Title Assessing the Impact of Nightlight Gradients on Street Robbery and Burglary in Cincinnati of Ohio State, USA Type Journal Article
Year 2019 Publication Remote Sensing Abbreviated Journal Remote Sensing
Volume 11 Issue 17 Pages 1958
Keywords Remote Sensing; Public Safety; Crime
Abstract Previous research has recognized the importance of edges to crime. Various scholars have explored how one specific type of edges such as physical edges or social edges affect crime, but rarely investigated the importance of the composite edge effect. To address this gap, this study introduces nightlight data from the Visible Infrared Imaging Radiometer Suite sensor on the Suomi National Polar-orbiting Partnership Satellite (NPP-VIIRS) to measure composite edges. This study defines edges as nightlight gradients—the maximum change of nightlight from a pixel to its neighbors.
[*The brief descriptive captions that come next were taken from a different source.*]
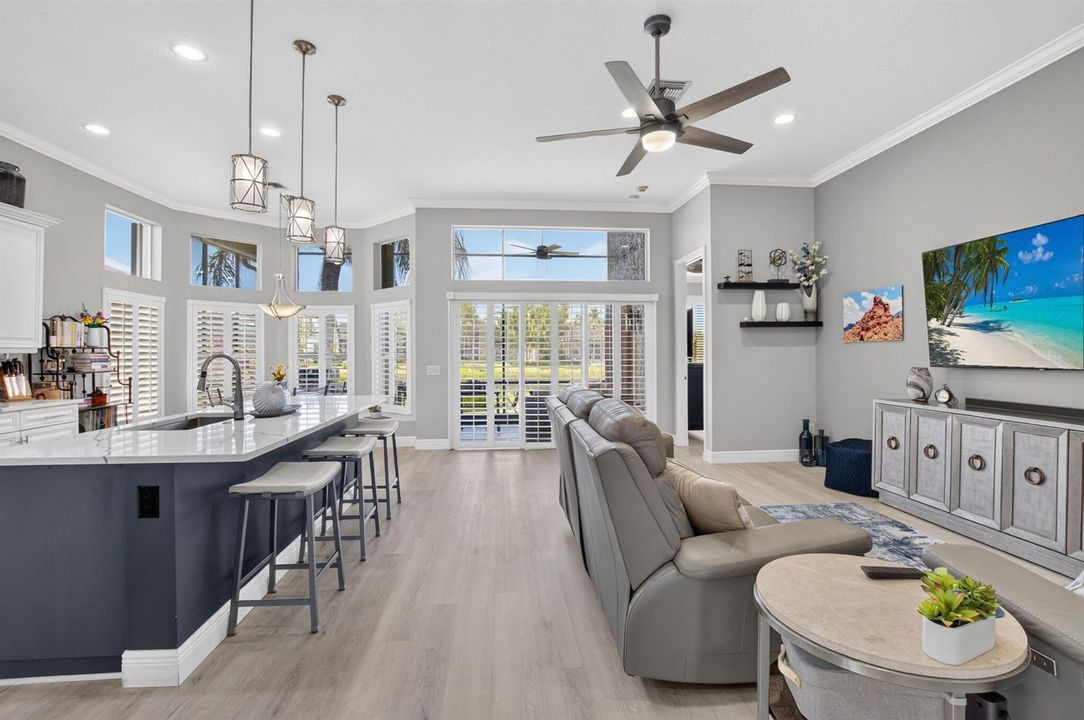 KITCHEN/FAMILY ROOM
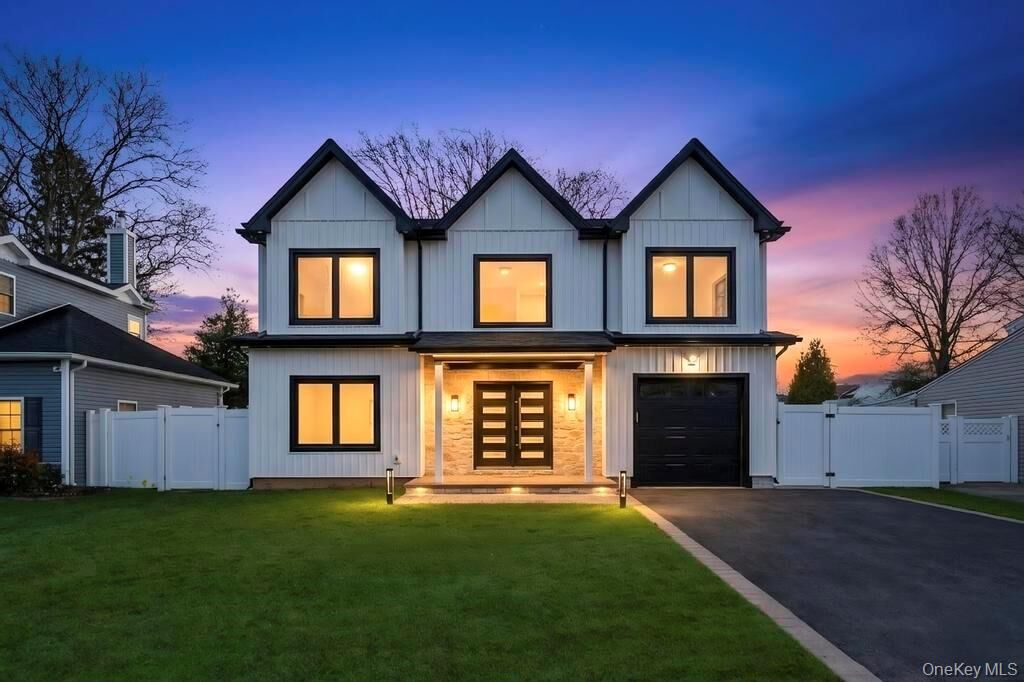 Property Photo:  26 Fieldstone Drive  NY 11791 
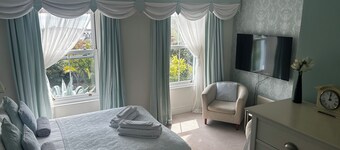 Amber House
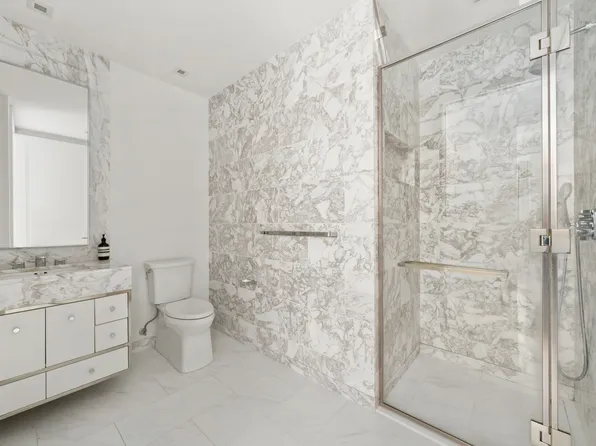 138 East 50th Street image 5 of 11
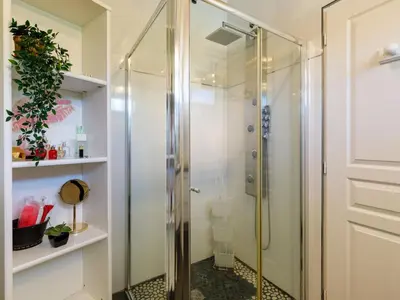 Salle de bains dans l'établissement Villa Le Grand Large by Interhome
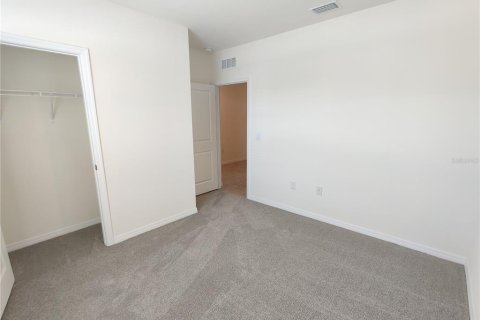 House in Wesley Chapel, Florida 4 bedrooms, 171.5 sq.m. № 1846370 - photo 13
Using nightlight gradients and other control variables at the tract level, this study applies negative binomial regression models to investigate the effects of edges on the street robbery rate and the burglary rate in Cincinnati. The Akaike Information Criterion (AIC) of models show that nightlight gradients improve the fitness of models of street robbery and burglary. Also, nightlight gradients make a positive impact on the street robbery rate whilst a negative impact on the burglary rate, both of which are statistically significant under the alpha level of 0.05. The different impacts on these two types of crimes may be explained by the nature of crimes and the in-situ characteristics, including nightlight.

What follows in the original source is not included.